I also live in a 'popping' house - although no obvious joist or framing reasons.
A large 1-story built in 1959 - we have been there for 6 years now - and the area above the master bedroom gives loud popping noises -especially late at night (I suspect as the house cools  ).  I have inspected from roof to crawl-space several times and find no obvious signs of settling or movement. I have been monitoring the plumb of walls and ceiling for the 6 years with no significant changes.  I read in another Forum that this noise is normal over time as wood dries and shrinks.


----------



## inspectorD

Sometimes it's nice to find out what the outcome is.....Onyx, do you have a metal roof? They tend to make loud 'gunshots' when they expand or contract with temperature changes.


----------



## noisyhouse

My house is ony 9 year-old, but 2-story. In early summer, hot afternoon sun and cold night makes "kaaa" sounds on the seocnd-floor, close to interior wall. I know it is normal, but it is creepy in the mid-of-night. 

Any cheat-sheet tips to reduce the nosie?


----------



## Square Eye

Screws through the floor are very effective. Not pretty, but they work. If you can peel back the carpet and pinpoint the location and cause of the squeak, a screw may do the trick. Occasionally, an interior wall will squeak where the nails fasten the bottom plate. Again a screw can fix this one too. Pull the baseboard and drive a screw at an angle through the drywall into the bottom plate and into the floor. 
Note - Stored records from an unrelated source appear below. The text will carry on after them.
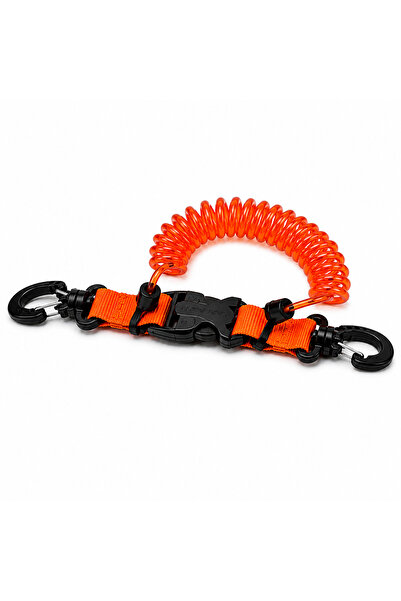 MOLYS Dalış Spiral Kordon (Emniyet İpi) – Karabinalı Aksesusar Askısı – Turuncu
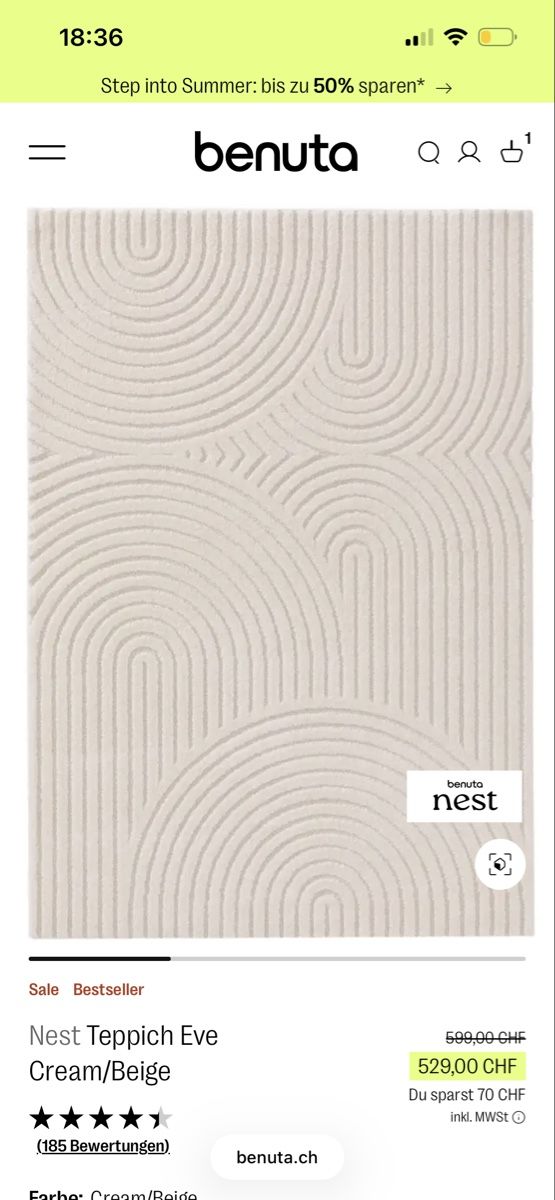 Tapis: Teppich Benuta Eve Creme 240x340cm – D'occasion à Zürich par jan_7bqq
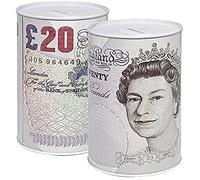 KAV Sterling Money Tin - Piggy Bank, Coin Tin, Cash Tin, Savings Tin, Money Box to Save Birthday Money, Holiday and Christmas Fund - Cylindrical Shape and Multicolour (15 cm x 10 cm) (Set of 2 £20)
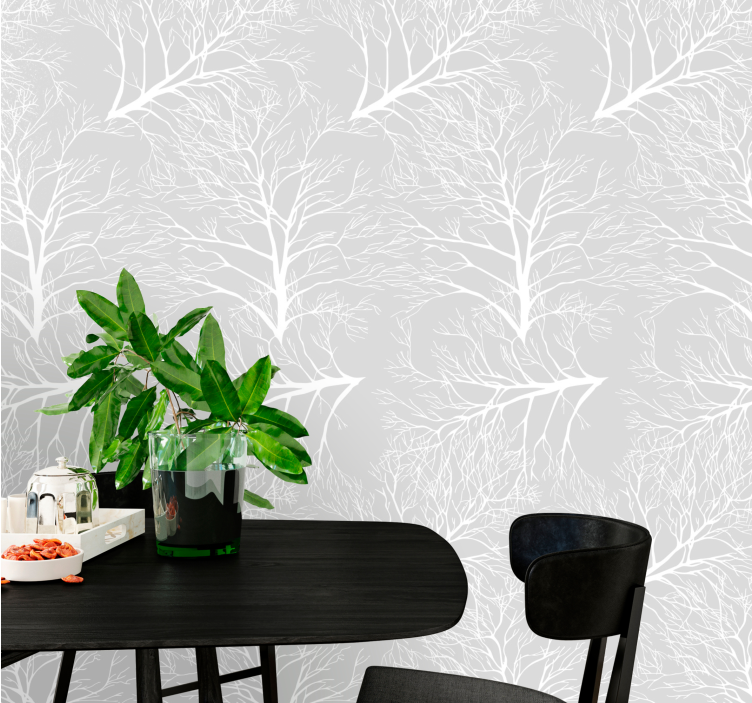 Grey branch pattern tapeta z motivom drevesa - TenStickers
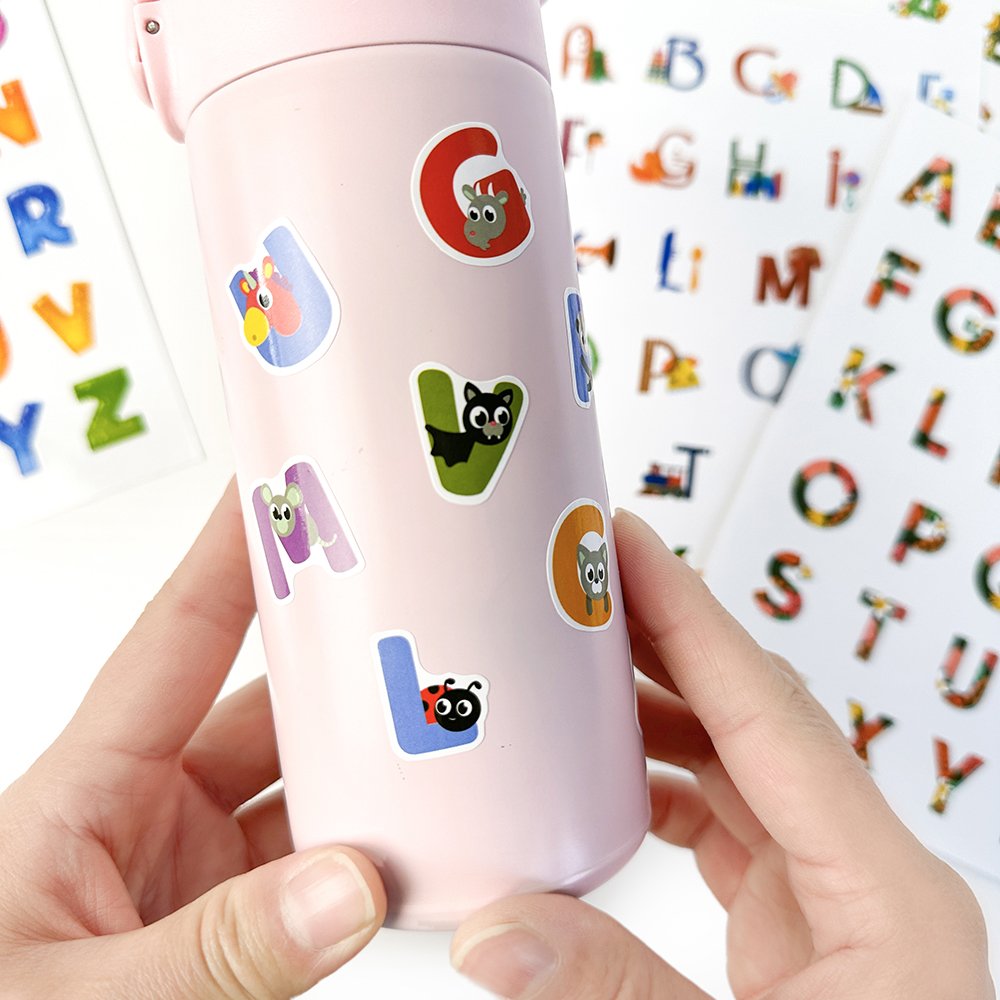 Waterproof Cartoon Alphabet Stickers for Water Cup Computer Decor Cute Learning English Alphabet
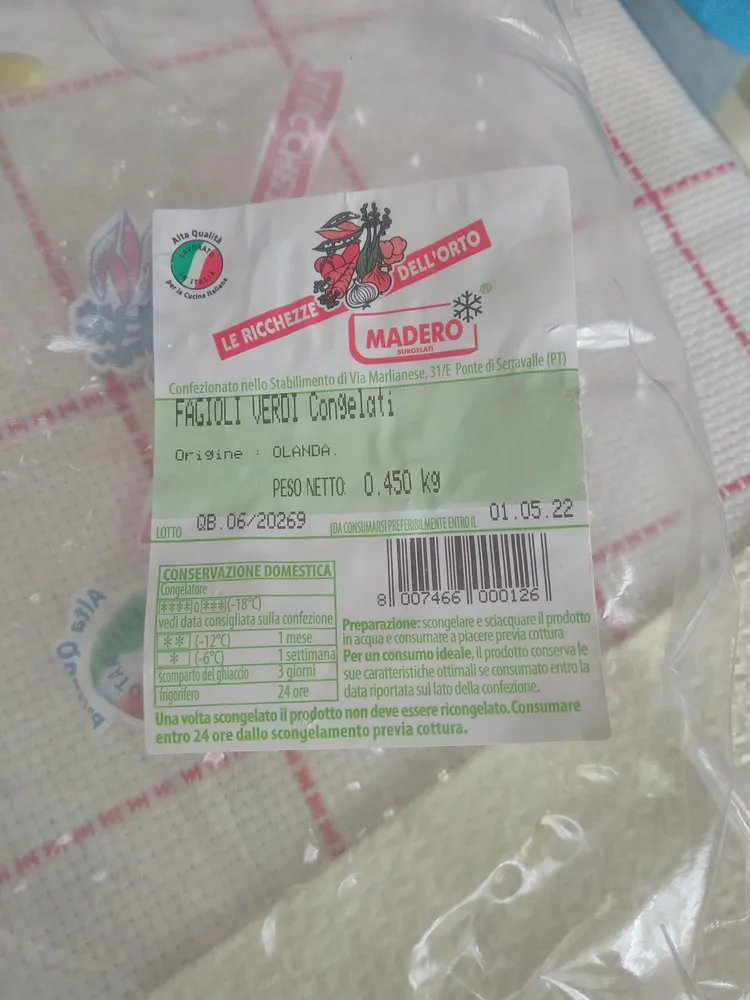 Fagioli verdi congelati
I once put maybe 40 screws in a floor and it was still squeaking under foot. The homeowner thought I was just messing around or didn't know what I was doing. Finally, I realized that the water pipe was run right against the bottom of the floor joists. I stuffed a small piece of insulation between the joist and the water pipe and the squeak was gone. I hate working on a squeaky floor.




Tom in KY, my floor squeaks, I like it that way. Heh-heh.


----------



## theoldbriguy

I have had similar experiences to most on this thread.  I would hear noises coming from my walls.
I would normally hear them in late morning and then again late at night.  I especially heard them
as the sun would heat up the south side of my house on a cold day.  I could often cause the noises
to happen by slightly pushing on the inside (or outside) of my wall.  It was easier for me to cause
the sounds in late morning or late at night.  Once I got the walls to make the sound it was hard 
to get it to happen again right after.  I would push the walls every night before I went to bed (I know that's crazy).

In several areas of my wall, I removed the drywall to see if it was rodents or studs moving.
I had a very difficult time getting the anything to move from the plywood toward the inside of the house.
Then I moved to the exterior.  I had EIFS (Dryvit, Sto, Cynergy, etc.) cladding.  I removed some of
the cladding (I know this is odd, but I was desparate to find the cause of the sound).  I found out
that I didn't have any Tyvek in between the styrofoam and the plywood (in my case OSB).
I was able to reproduce the sound by rubbing the styrofoam against the OSB.  So then I was pretty sure
it was just the styrofoam against the wood making all the noise.  I was not sure why my walls were
abnormally noisy.  We would be laying in bed and hear popping noises like there was drive-by
shooting going on.  I believe someone did a poor job installing the Dryvit or something.  There were
fairly large gaps in between the styrofoam boards (about 1/8 inch, when there should be no gaps).
Also someone told me that mesh used was cheap.  It was odd because I could get the noise to occur
pretty much anywhere around the house, although it happened the most where the sun would heat it up.
It was all about the thermal expansion and contraction of the Dryvit system causing movement and rubbing
of the styrofoam against the OSB.  I could tell it was the whole system moving because the noise would
occur throughout the entire wall and not just one area.  Sometimes you could hear it start to move
and then the rest of the system would move.

I ended up paying a bunch of money and replacing my Dryvit with cedar and brick.  Since we removed the
Dryvit, the noises are completely gone.  If you are experiencing similar sounds I would almost 
guarantee that it is the expansion and contraction of your house cladding (whether it be Dryvit or 
vinly siding or anything that spans the wall in large areas).
The good news is that it is a just an annoyance and your house isn't about to collapse (which I thought
that mine was ).  The bad news is that it will probably not be easy to resolve.
My suggestion would be to replace the cladding like I did (that was a ton of money).  The only other suggestion
is to somehow put in expansion joints in the cladding.  I believe the smaller the sections of cladding the less
overall movement and therefore less noise.  In Dryvit, you could make cuts and fill with 
expansion joints.  This is probably a really bad suggestion because it is just more places that water can get 
behind the Dryvit and cause you worse problems (that is why I didn't do it).
Believe me, I wish I had a cheap solution to give you, because I would have used it myself.
Anyways, I hope this post helps people out because I googled this topic more than I have ever googled anything
in my life and I could not find any quality information on this.  I just keep winding up on pages that told me
that I had squirrels or rodents in my walls.  These noises were going to be the death of
me if I did not get to the bottom of it, so I hope the next person can use this information.  

Good Luck,
Brian


----------